For L.A., utopia or dystopia

MICK FARREN is a Los Angeles writer, musician and playwright. His latest novel is "Kindling" (Tor Books, 2004).

My cab driver informed me that an awards show was scheduled at the Kodak Theatre. The Hollywood/Highland intersection was closed, and traffic on La Brea Avenue was immobile. The ensuing delays would cost us both hard cash, so we quickly formulated alternative routes. Zigzagging through the streets south of Fountain Avenue, I cursed the planners who had made the Kodak the central diadem of the Hollywood Boulevard renaissance.

Hindsight makes city planners easy targets for curses. At best, they operate in an unhappy marriage of utopian vision and bureaucratic micromanagement. Los Angeles, which is in the midst of a broad search for a planner who can set the city on a better course, also presents a unique set of problems. It was the grand, mid-20th-century experiment in car culture, and it has never recovered. We are oil-dependent and connected by horribly overloaded freeways. Deficient in mass transit, we waste vast acres on parking lots.
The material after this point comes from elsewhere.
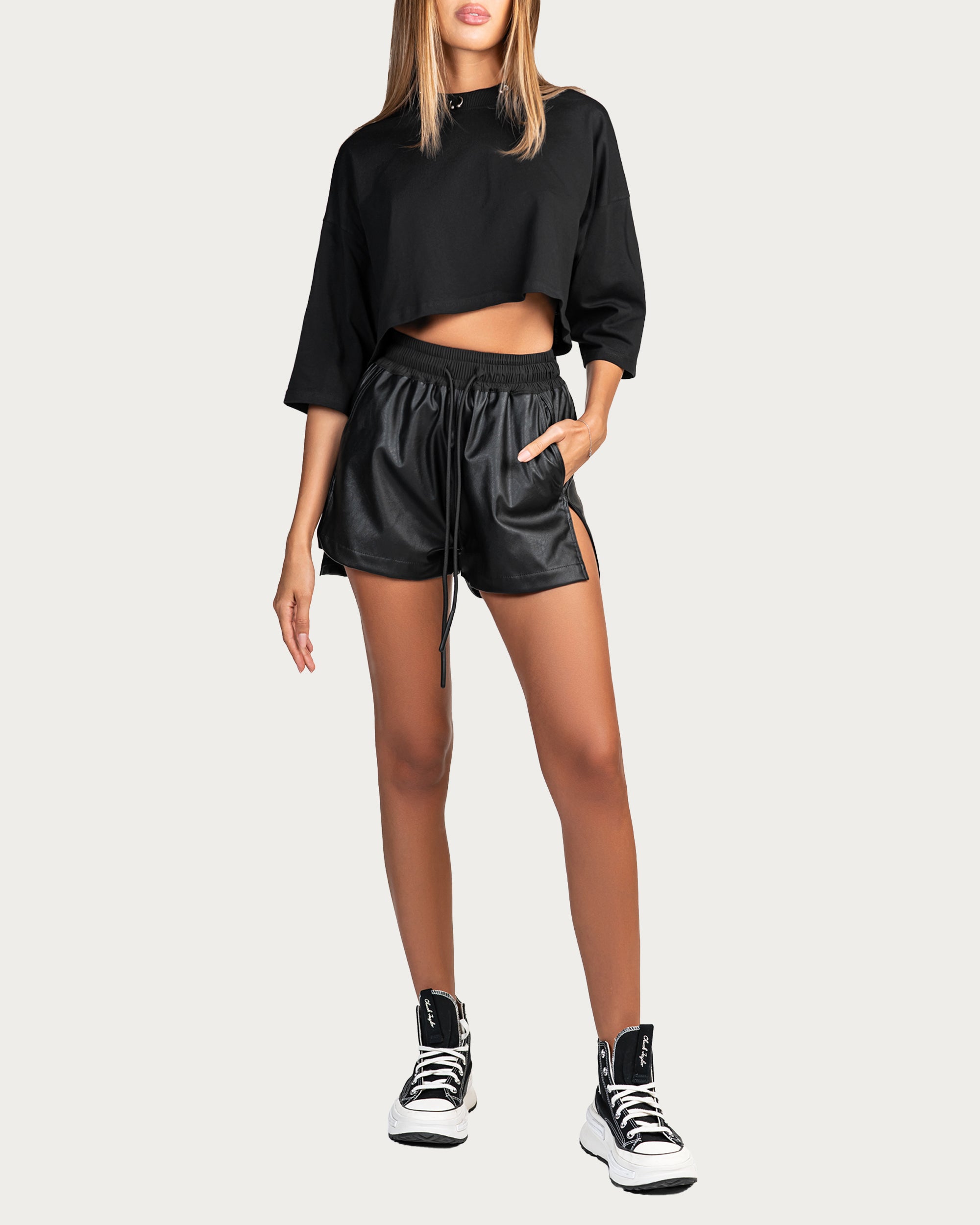 FAUX LEATHER SHORTS - B25502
Prestige developments such as the Kodak Theatre may create an illusion of grandiose urban renewal, but they are hell on surrounding neighborhoods, inflating traffic pressures and inflicting a variety of hidden costs on local residents and businesses.

Sure, the 21st century has pitched the planners some strange curves. Who could have guessed at the demands of security since 2001, or predicted how, when the Academy Awards moved to the Kodak, Hollywood Boulevard would have to be shut down for the better part of a week to protect Clint Eastwood from Al Qaeda? The problems created by such unforeseen challenges, however, don’t excuse the way many developers unrealistically accentuated the positive.


When plans were unveiled for the Grove on 3rd Street, between the Farmers Market and Pan Pacific Park, the artists’ renditions showed an idyllic shopping mall on what had been a scruffy baseball field. The impact on traffic was glossed over, and no one seemed to have anticipated the way the high fortress wall on the Grove’s southern boundary turns its back on 3rd Street west of Fairfax, robs it of pedestrian life and compounds the bleakness of the parking expanse that serves the aging strip mall across the street. Litter, traffic stress and localized pollution have visibly increased, along with a sense of a potential for crime on deserted sidewalks. Inside the Grove, all is sweetness and Abercrombie, but the streets beyond have been rendered mean.

Heading east on 3rd Street, on past the Grove, the separation of street and structure -- and the resulting traffic snarl -- continues through the Park La Brea development, a gated and guarded combo of new low rise and older high rise, conceived by a mind-set that views the city as hostile. To cut through Park La Brea is to enter dystopian science fiction, with rent-a-cop checkpoints and defined perimeters. Side streets are closed, and you are an outsider.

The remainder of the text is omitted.